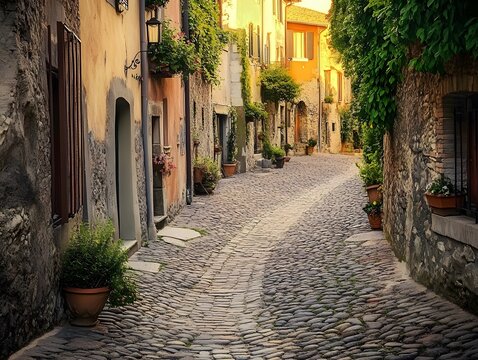 Fototapeta A winding cobblestone street in an old   town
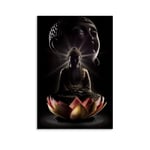 SHEFEI Buda Flor De Loto Poster Decorative Painting Canvas Wall Art Living Room Posters Bedroom Painting 16x24inch(40x60cm)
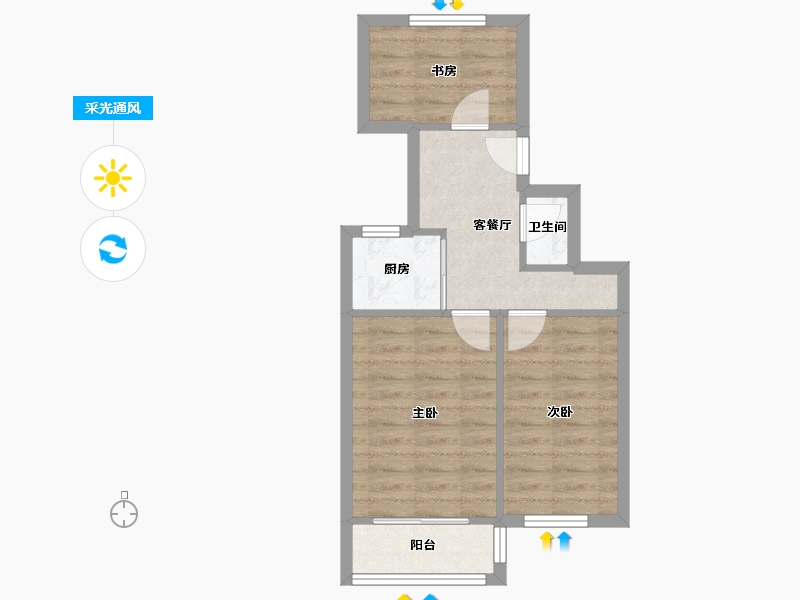 江苏省-南京市-中山门小区-45.80-户型库-采光通风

PROBLEM TO WORK ON → Only the lines from the line holding "SHEFEI Buda Flor" through the last line above belong in the answer, repeated exactly; the pictures do not.

OUTPUT →
 SHEFEI Buda Flor De Loto Poster Decorative Painting Canvas Wall Art Living Room Posters Bedroom Painting 16x24inch(40x60cm)
 江苏省-南京市-中山门小区-45.80-户型库-采光通风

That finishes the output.